> _Work item_: Starting at the line that contains "SARS-CoV/SARS-CoV-2 Nucleocapsid Antibody" and stopping at the line that contains "SMC1A / SMC1 Antibody (phospho-Ser957)", transcribe every line of the material below exactly; pictures stay out.

> _Records supplied_:
•••

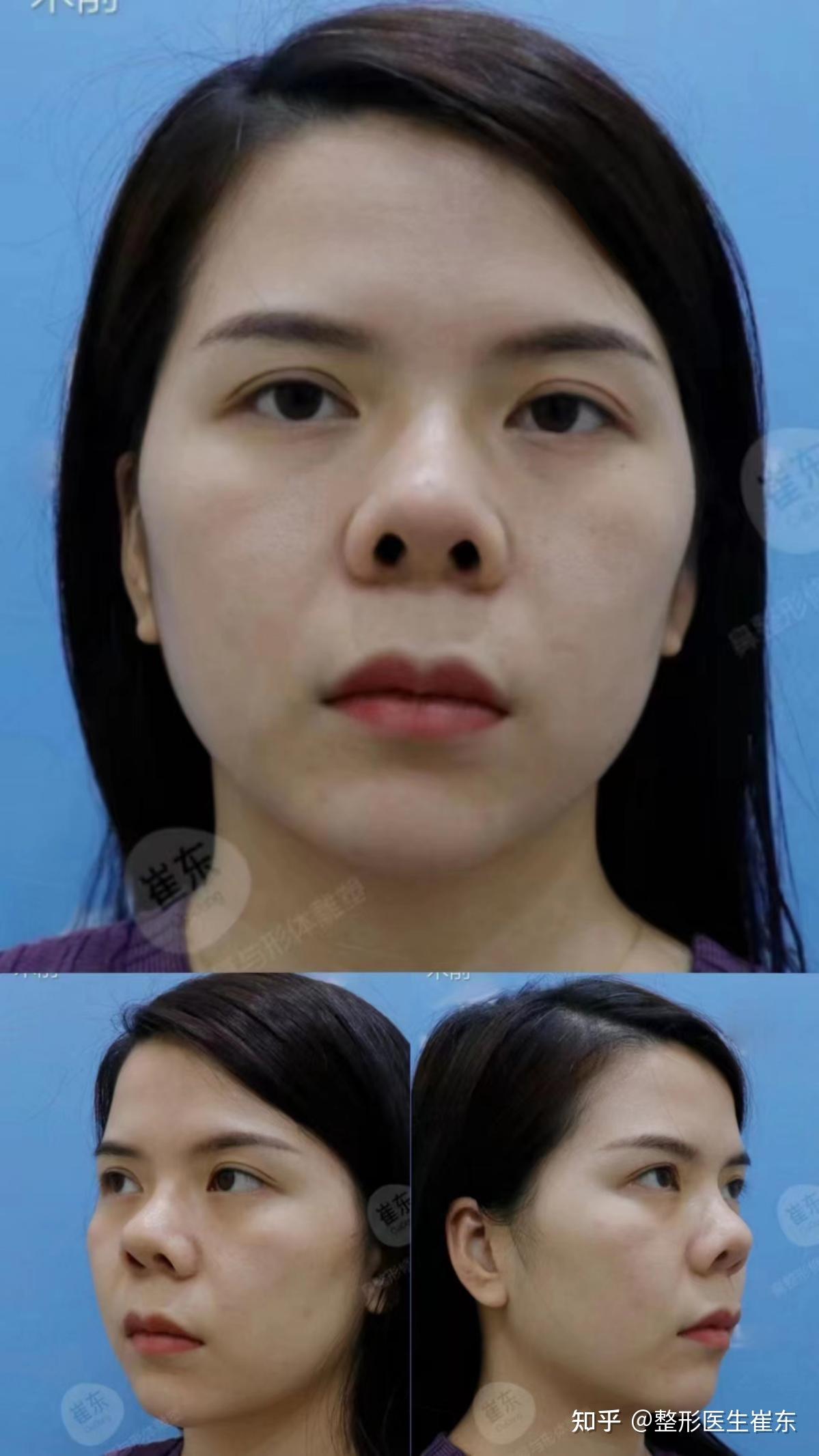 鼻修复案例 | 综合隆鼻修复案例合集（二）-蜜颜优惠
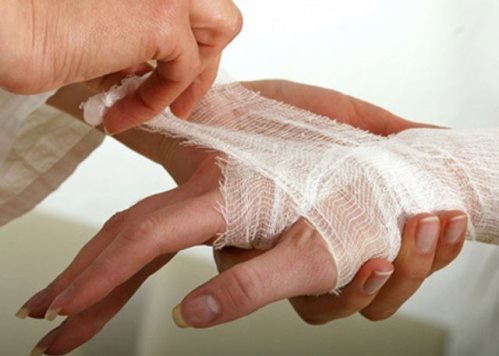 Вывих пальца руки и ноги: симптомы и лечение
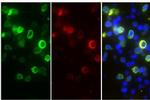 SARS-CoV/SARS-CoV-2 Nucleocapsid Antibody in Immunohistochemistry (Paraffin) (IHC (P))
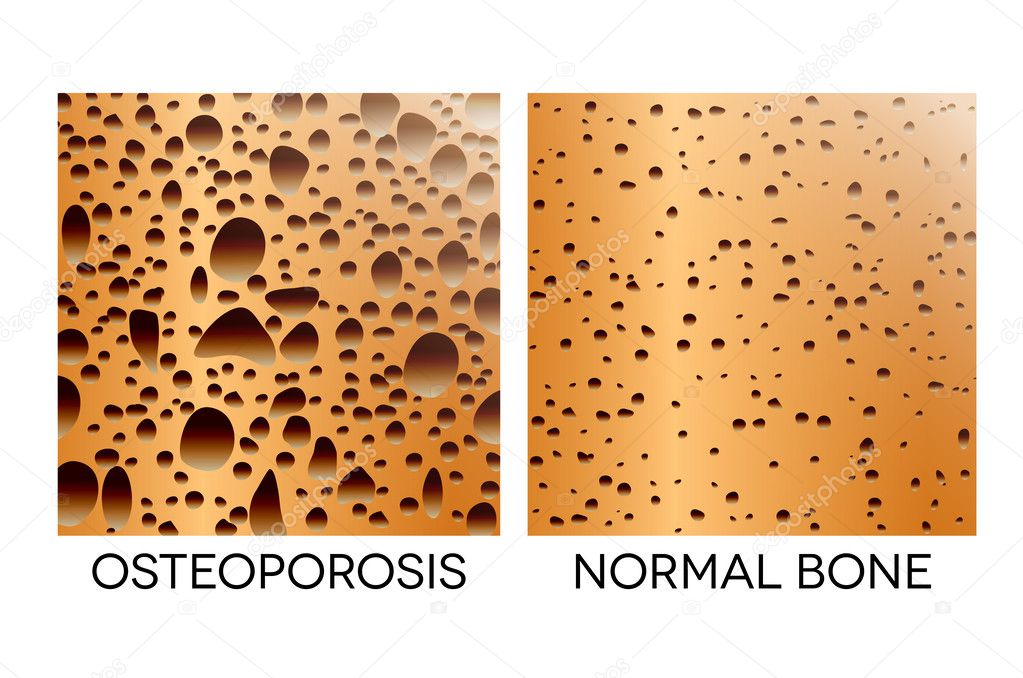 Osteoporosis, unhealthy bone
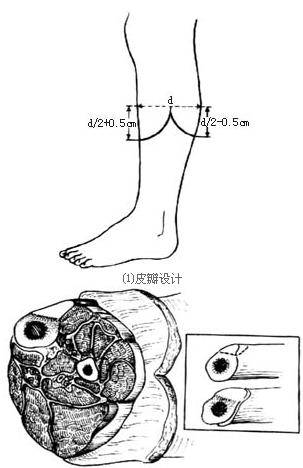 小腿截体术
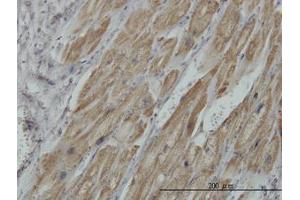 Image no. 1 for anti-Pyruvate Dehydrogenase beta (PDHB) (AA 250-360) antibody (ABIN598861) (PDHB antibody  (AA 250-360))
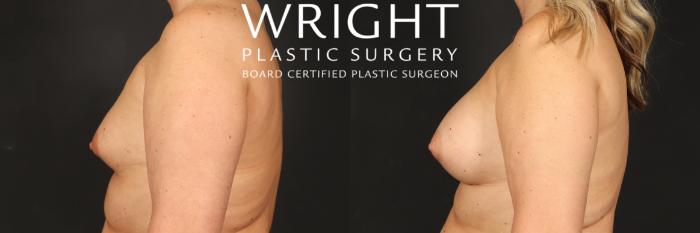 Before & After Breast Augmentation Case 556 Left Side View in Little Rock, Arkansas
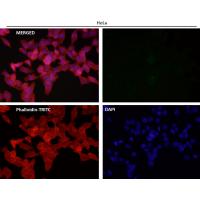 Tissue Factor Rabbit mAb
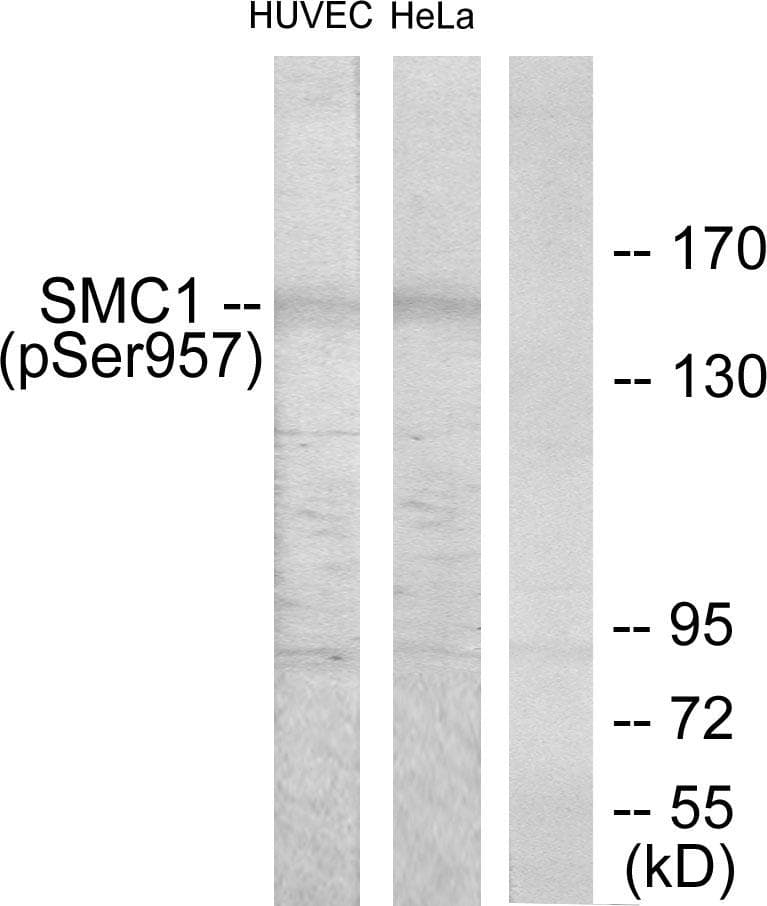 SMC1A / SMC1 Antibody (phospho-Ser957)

•••

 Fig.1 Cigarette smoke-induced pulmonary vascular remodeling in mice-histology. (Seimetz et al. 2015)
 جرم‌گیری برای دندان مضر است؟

•••

> _Solution for this task_:
 SARS-CoV/SARS-CoV-2 Nucleocapsid Antibody in Immunohistochemistry (Paraffin) (IHC (P))
 Osteoporosis, unhealthy bone
 小腿截体术
 Image no. 1 for anti-Pyruvate Dehydrogenase beta (PDHB) (AA 250-360) antibody (ABIN598861) (PDHB antibody  (AA 250-360))
 Before & After Breast Augmentation Case 556 Left Side View in Little Rock, Arkansas
 Tissue Factor Rabbit mAb
 SMC1A / SMC1 Antibody (phospho-Ser957)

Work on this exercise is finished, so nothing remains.